Beyond that, he seemed to struggle. “I’ve been in and out of Hartlepool for four weeks,” he insisted, “going house-to-house meeting people.” I think we’ve identified the problem.
I can’t think of anything more unwelcome going door-to-door. Except Ebola. This kind of lack of awareness permeates Labour at present. Mandelson appeared amazed that the Hartlepool plan of sending in a Remain candidate, from outside the area and armed with little or no policy, didn’t quite come off. “But he’s a doctor,” said one Labour campaigner.
Yes. So was Hannibal Lecter. It’s not necessarily a vote-winner.
Labour is going to have to take some serious remedial action. It can’t go on as it has been, blindly following the old ways when the nation – and the Tory party – are busy changing.
What’s ominous has been the reaction so far. I’ve had phone calls in the immediate aftermath from three different Labour factions, each blaming the other lot for what’s gone wrong.
The electorate don’t want that kind of stuff. These are uncertain times and they want a Labour Party they can be sure of – not bickering and endless infighting. But the internal war will rumble on – more finger-pointing, and in the end a shadow cabinet reshuffle. All window dressing.

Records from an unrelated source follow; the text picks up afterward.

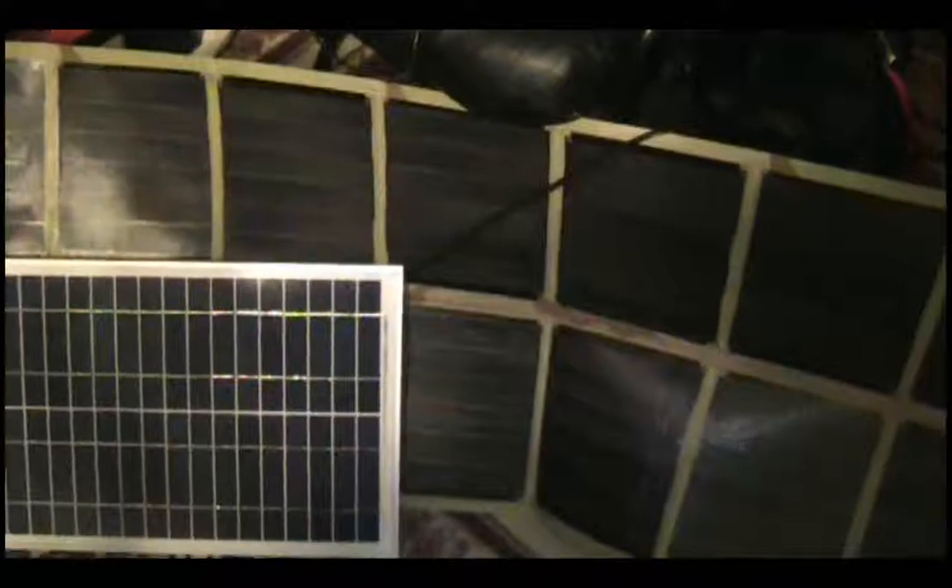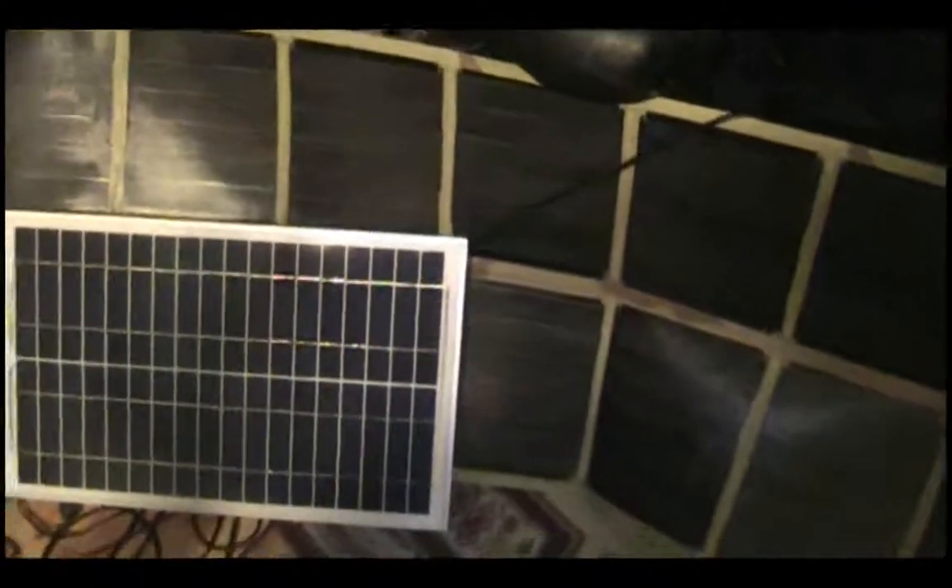That's pretty much it on the updates. I'm going to have individual reviews of these solar panels - one on the 20 watt, one on the 5 watt, one on the 6 watt - and maybe even one on that charge controller. I'll let you guys know in a later video. Thanks for watching, see you later.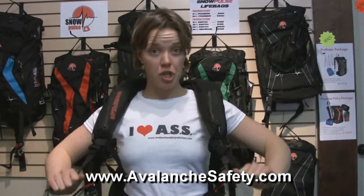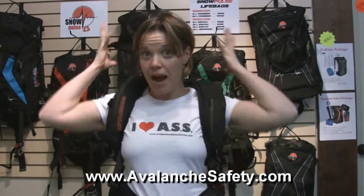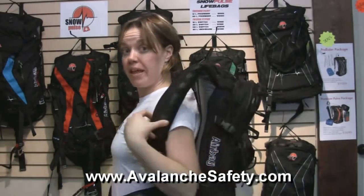With your Snowpulse, it's really important to first pull down your shoulder straps so that the airbag is nice and tight up around you, as this airbag is designed to come out around you to provide trauma protection. You can see right here that the airbag is in my shoulder strap — I want that around me here, not up like this.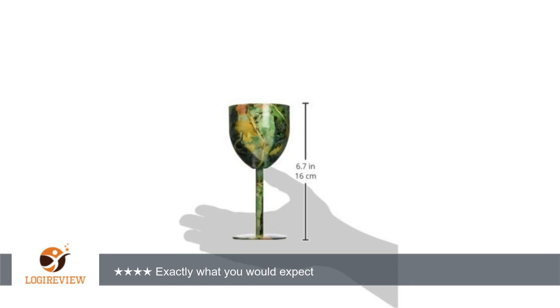I measured the capacity and it is indeed 8 ounces as stated in the description. So what is a serving? For wine it is usually 6 ounces, so I think the capacity is not an issue. If you are looking for a glass suited for a specific type of wine, you are probably not looking at stainless steel camo pattern wine glasses.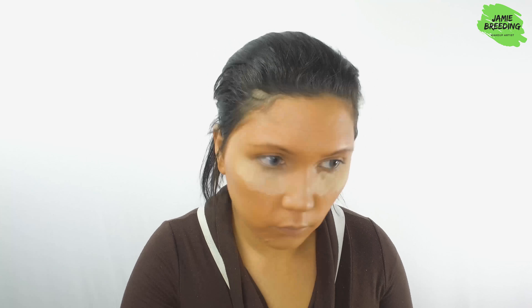I put on a cat eye for my upper lash line and put on a coat of mascara on my upper and lower lashes.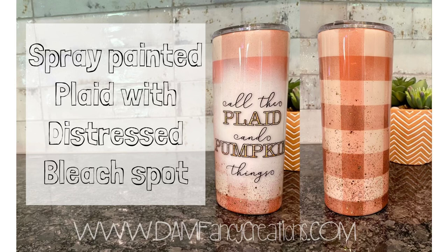Hey guys, welcome back to my channel. I'm Donyell with Damn Fancy Creations, and today I'm doing an updated video to my spray-painted plaid that will also have a distressed bleach spot.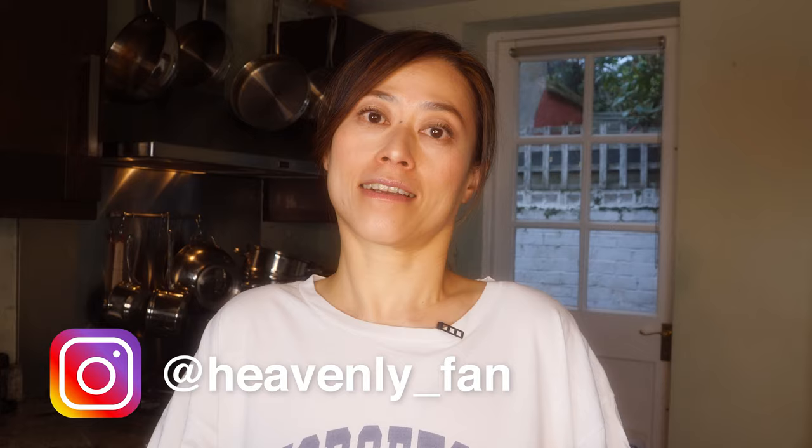Hi everyone, today we're making spring onion pancakes. These spring onion pancakes are very popular snacks and street food in Asia. Today we're going to use the one carb flatbread recipe that you've been making and turn it into these gorgeous, savory pancakes. For those who haven't tried my one carb flatbread recipe, I'll put a link down below. You can also use that recipe to create pizza, tortilla chips, and gyoza dumplings.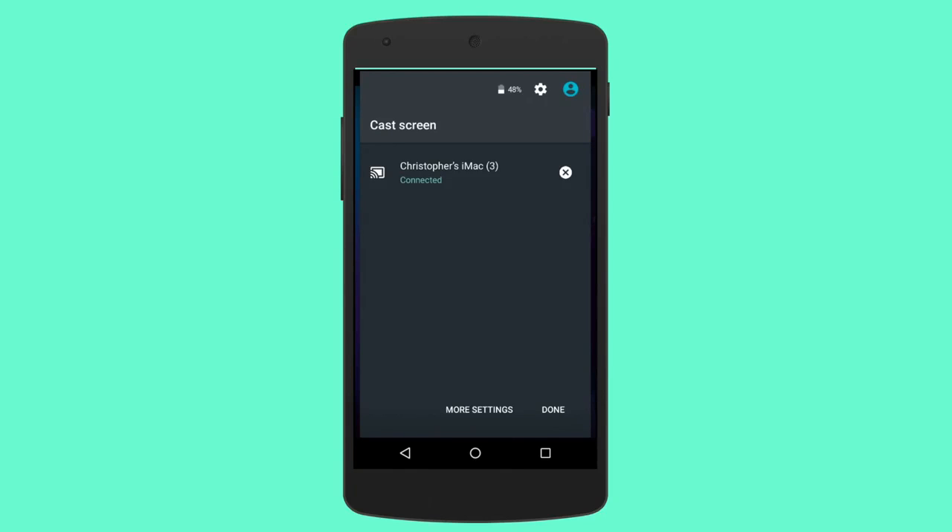What is up, this is Christopher and I have a quick little video here on how to screencast your Android device to a Mac — or mirror your Android device to a Mac would be a better way to put it.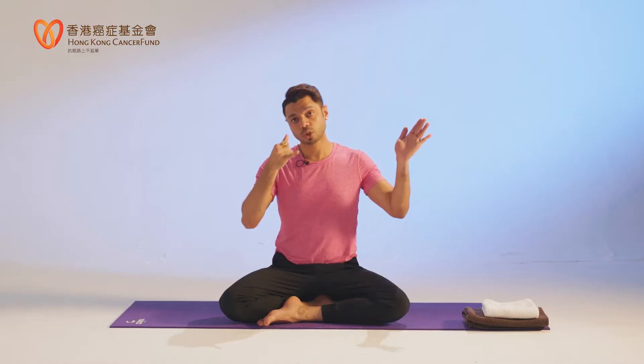Close your right nostril. Watch my finger — I'm closing my right nostril. Left side inhale. Close your left nostril, use your right side, fully exhale. Inhale. Close. Exhale. That is one round: inhale through the left, close the left, exhale through the right, inhale through the right, close the right, exhale through the left. This is one round — a very powerful breathing exercise.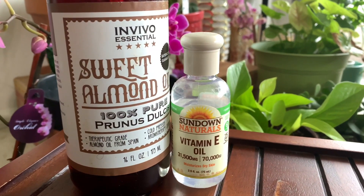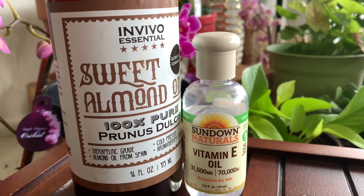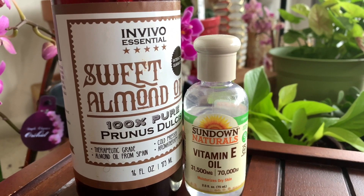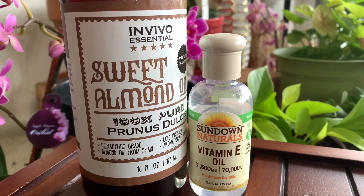As I said, you can use any oil of your choice. I love vitamin E oil and almond oil, but today I will use almond oil. It is great for dry skin — my skin is super dry and it treats my skin wonderfully. It also helps to improve the skin complexion and skin tone.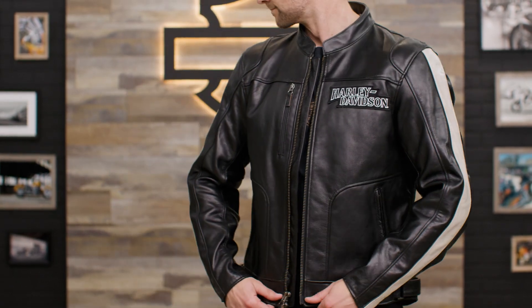The Men's Enduro Screamin' Eagle leather jacket is made of supple mid-weight buffalo leather and has contrast leather stripes running down the sleeves to give off a race-inspired look.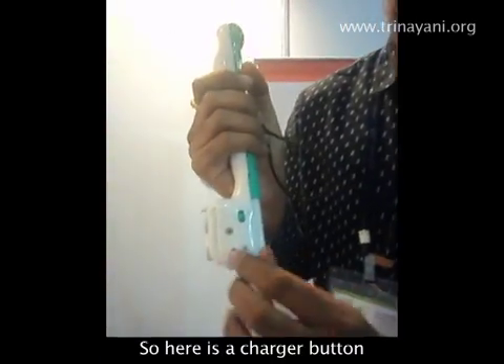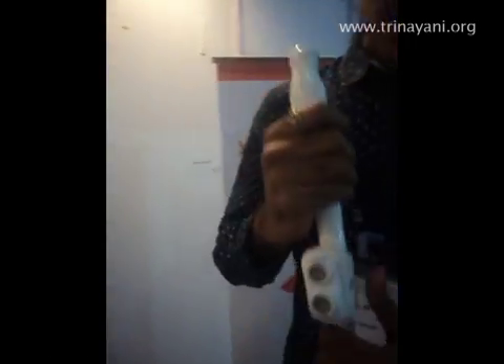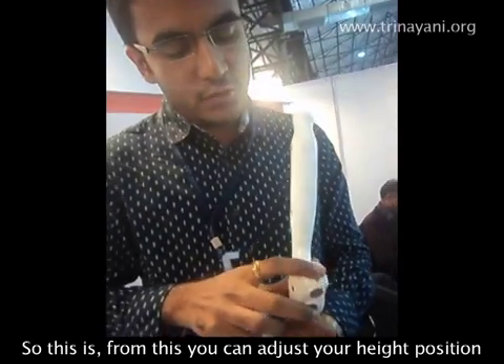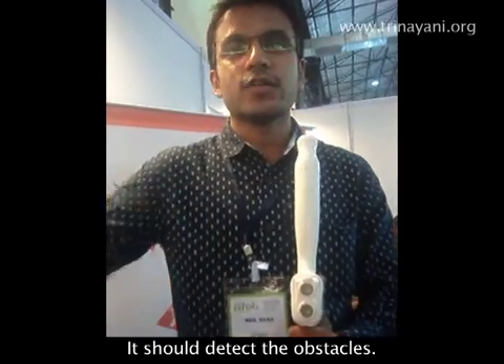Here is the charger slot from which you can charge the device. From this adjustment you can set the device according to your height position, and you can also adjust the angle at which you want to detect the obstacles.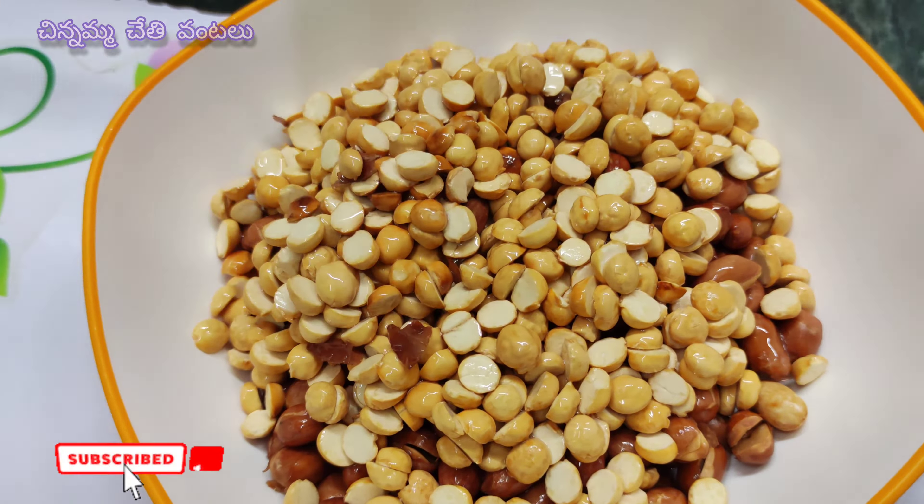Add 1 teaspoon of salt. Add a little olive oil in the cup.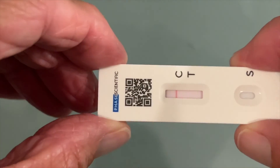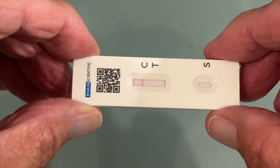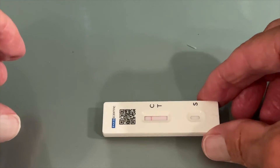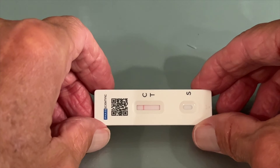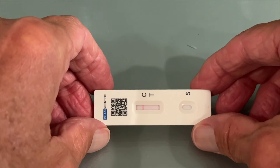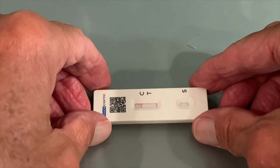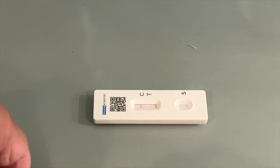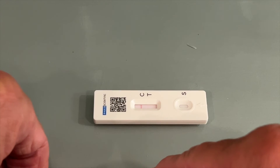All right, so it is about ten minutes in and I'm still showing negative — it doesn't look like I have it. But the thing with me is it's been over 10 days since I first developed symptoms. I still have symptoms but it's showing negative, so I don't know how reliable this is. I'd probably need a PCR test.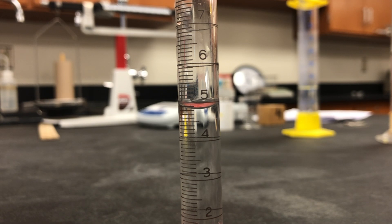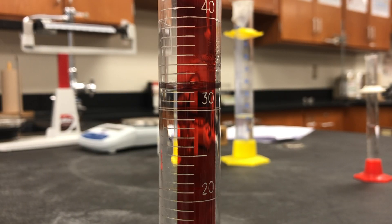Welcome to this episode of So You Miss Lab where we make everything up. Today's lab is the Lab Skills Lab part two.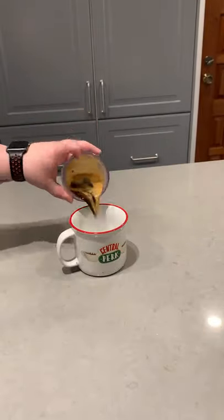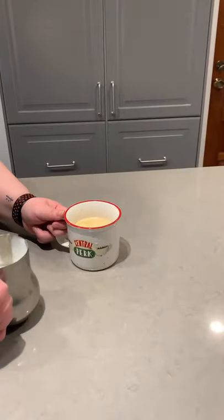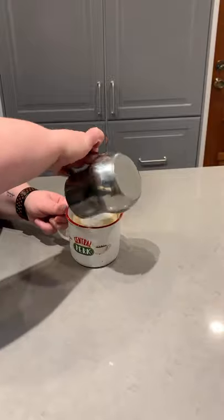All right our shot is ready. Gonna go ahead and pour that in my glass with the coffee crisp. I put in a few coffee crisp pieces in with the milk so we got that all steamed up and foamed.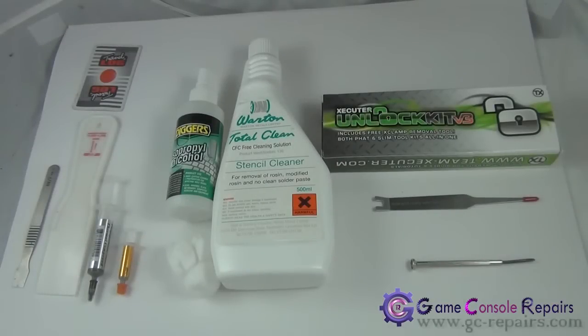These are the tools required to remove the X-clamp, remove the old thermal compound, and place the new thermal compound. In case you decide you're going to solder on to the C5R 1.1 point, you have to remove the X-clamp, and once you do, ideally you would want to replace the thermal compound as well.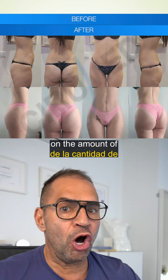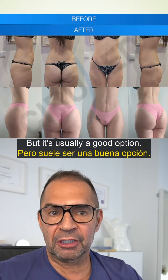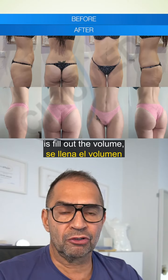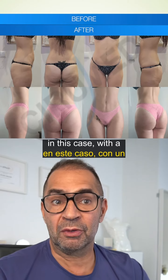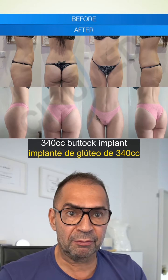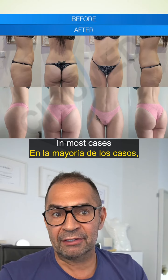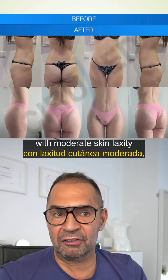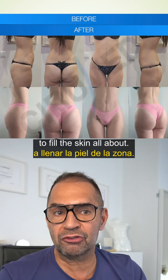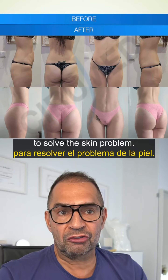It really depends on the amount of loose skin you have, but it's usually a good option — and this is what we show in the case here — is to fill out the volume. In this case with a 340cc buttock implant with EBL fat grafting to the hips, which in most cases with moderate skin laxity will help to fill the skin envelope out, and then we have a good shape and solve the loose skin problem.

The party needs to reinvent itself, and quickly. No point any more in pretending the last two decades haven’t happened. Look at what worked – various manifesto pledges – and get them out and about before the Tories steal them.
There’s a lack of purpose. One of the last things I wrote before going off was pleading for some direction of travel. That feels like a long time ago.
And as for all this being Corbyn’s fault? Look at it like this: Arsenal got knocked out of the Europa League and face a season with no European competition for the first time in 25 years. Lots gone wrong at that club.
No one is blaming Arsene Wenger.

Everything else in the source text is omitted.